And that happened around the time that Abbott and AbbVie were splitting their benefits. So it allowed me to have insight into how benefits were really being administered. Because during that time we were tasked with having to form company B and we had to replicate all of our benefits from company A to this new company B. And so that allowed me to really get into the tactics and into the details of plan design and really understanding why we did things. It allowed me the opportunity to grow into the US benefits side and really dig into all of the details, not just of the health medical plan, but the PBM, the life insurance, our case management, what we were doing from an employee perspective, what our relationship was with all of the carriers. And so I spent the last 15 years really being within this role, just evolving and taking the benefits and how we administered things to the next level.
[04:03] Justin Venneri: That's amazing. And that's why you're here. I'm excited to talk to you. I try to focus the content on relatable stuff and to be a little bit entertaining while trying to be educational without being too sales-y. So you guys were not a client of ours and that's okay. As you just described, your experience is much broader. And I always like to talk about more than just pharmacy benefits. So at a high level. When you were going through all that, as things evolved for you, what was your philosophy regarding setting up a comprehensive benefits program? We hear that phrase a lot. If you got the opportunity to lead benefits for a very large organization again today, what data are you going to look at? How are you going to start to tackle that?
[04:39] Susana Villegas Spillman: Yeah, I think for us during that time of transition, we were really looking at what was the member experience at that time. What were our members doing when they engaged with the insurance carrier? And like many of us, we get an ID card, the number on the back of that ID card, probably 99% of the time that you call that number, what are you going to get? "Go to the ER." Right. So as benefits professionals, we would question why we have such high ER utilization. Well, we're navigating people there in the time of need and crisis. We're telling them to go to the back of your ID card, call the nurse line. These nurse lines, they're going to tell you to go to the ER in many of those cases.So I think at that point in time we were really just trying to think through what is the true member experience? When you have these needs, where do you go for information? How are you navigating the details of your plan? What hospital and providers are you being navigated to? So for us during that time we were really taking a look at a more holistic view, right?

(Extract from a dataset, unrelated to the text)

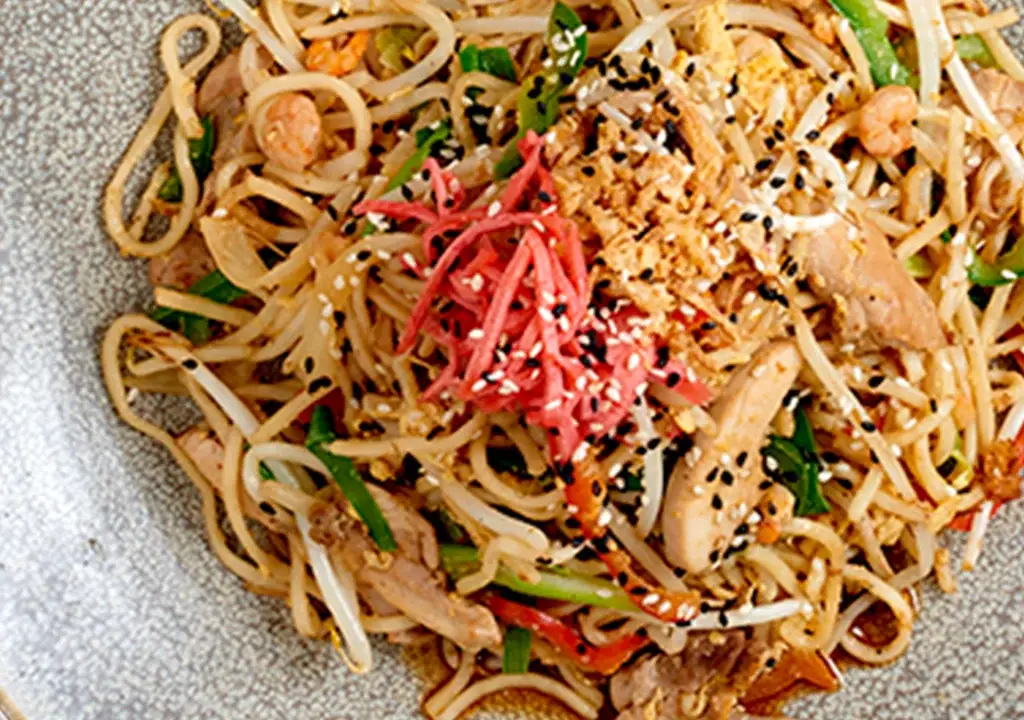 chicken and prawn yaki soba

Let's take a step back, let's assess what we have within our ecosystem. What's the member experience? Is it truly driving change or are we basically causing our own demise with the experience that we're at? So I think that was the one thing that we were looking at at that point in time. When you ask me, you know, if I were to set up a plan, I'd really look at the details, right? It's like, understand what your plan design is. What are you covering, what are you not covering? What are the resources that you have within your benefit ecosystem and outside of it? You know, what are other resources that you have within your space? Take a look at your data. What is your data telling you about what your members' needs are? But the problem, Justin, is that while we say we're going to look at data, where is our data? Is the biggest question. We've got carrier partners that give us our quarterly data analytics. And if you've got multiple carriers, you've got multiple reports coming in, and then you've got the PBM partnership, right? And that information sits outside, then you've got the plan design.

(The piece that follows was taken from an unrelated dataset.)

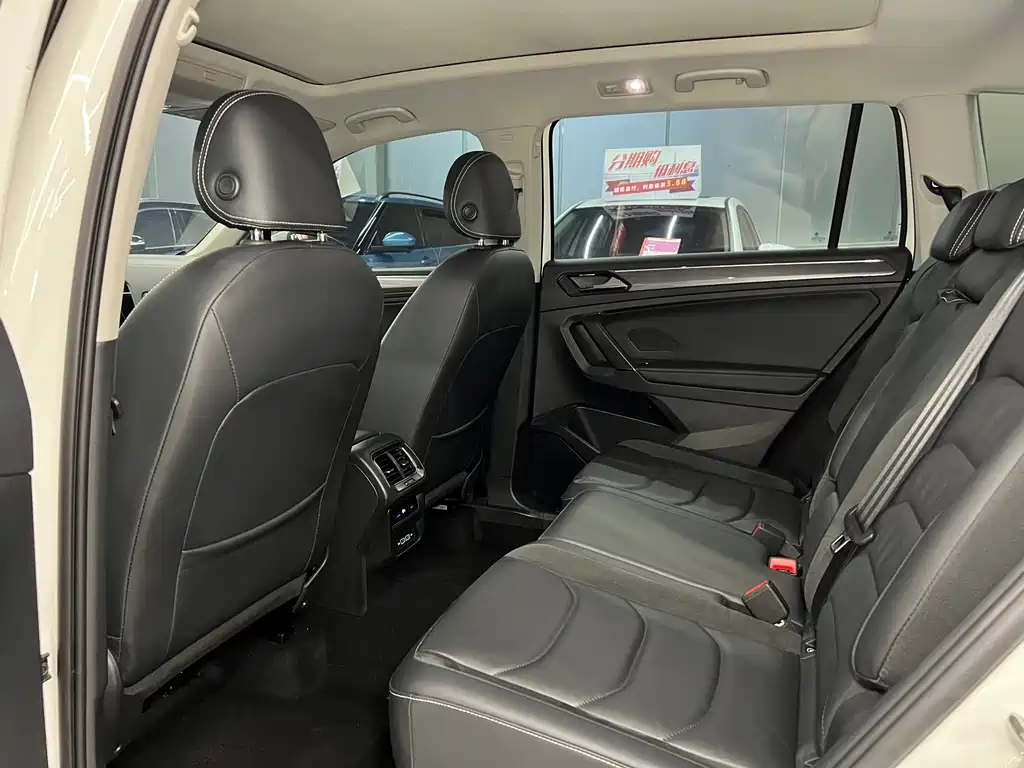 Volkswagen Tiguan L 2021 — фото 11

So, if you've got a traditional plan, it's going to give you some information. If you've got a high deductible plan, you've got some aggregate information coming from two different partners and then all of these reviews are coming at you independently. So you've got silos, right? And so when you're trying to tell the story, what story are you trying to tell? Because you got carrier A giving you experience with that population, you got carrier B coming to you with that population, and then you got the PBM. None of it is collected cohesively. And if you do have a data system, probably going to say most likely your data is about three months old. So you're trying to solve for something immediately, but you're relying on data that sits outside of the space that's lagging, right? So how effective can you really be in the now?
[07:23] Justin Venneri: So we talk a lot about data and access to data and the timeliness of data, normalizing it, analyzing, et cetera. I have so many follow up questions based on that. One just popped into my head is that early experience—I've experienced that, I think everybody has—you know, either a bad experience calling the number on the back of the card so people don't want to call the number on the back of the card, or they just get told to go to the ER or urgent care. That started to change though, right? More recently, I think that's gotten a little bit better, hasn't it? Or is it a misperception just because I'm in an echo chamber here and we talk about customer member service in a different way?

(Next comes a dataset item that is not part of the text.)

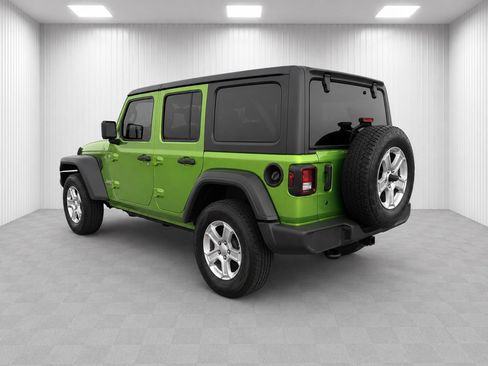 Used 2019 Jeep Wrangler Unlimited Sport S AWD/4WD image 5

[07:55] Susana Villegas Spillman: For us, it did change. I mean, during that time is when we decided, okay, the number on the back of your ID card is not effective. What's a different solution? And you talked a little bit about how we met, right, and the different point solution that we were talking about way back when. And so we were an early adopter to advocacy and navigation. And so when you ask, has it changed? Yes, it's changing because you've got these advocacy or navigation companies that are coming in that are really partnering with you to take your members along that journey. As benefit professionals, we're experts on the plan, we're experts on the point solution partners that we're bringing in and integrating and the type of experience that we want our members to have, you know, the interconnection that we implement with these point solution partners.
But we're not experts in healthcare, right, as far as what are the resources that are needed at that point in time for that independent individual. It's like every person is different and should have a personalized experience and should really be armed with a navigator that truly understands, takes the time to assess what their needs are during that time and look within the ecosystem of the employer and point them to the right direction. I mean, you get a member that has a cancer journey, we know what the components are within our benefits of what we're going to cover and what we're not within our plan design. We can't help that person assess what the best treatment option is for them. What's the best center of excellence for them. Do they have the capacity to travel? Do they not? All of that takes time and effort and we as employers don't have the internal resources to help our employees do that.
Related Content
- Health Benefits 101: The Importance of a Transparent PBM Model (check out our Health Benefits 101 content)
- Why this benefit leader switched to a more modern, transparent PBM
- AH080 - Health Benefits 101: The Importance of "Smart" Care Navigation, with Andy Kageleiry
- Replay - Unifying Medical and Pharmacy Benefits: The Blueprint for Better Employee Health and Wellness
- AH078 - More About Judi Health™ & the Unified Benefits Experience, with Dr. Sunil Budhrani and Mike Tate
[09:32] Justin Venneri: Yeah. So you need a layer to help guide them alongside the benefit design that makes sense. And if you had to rank cost versus quality, how do you think about that in the current environment? How has that changed over the years?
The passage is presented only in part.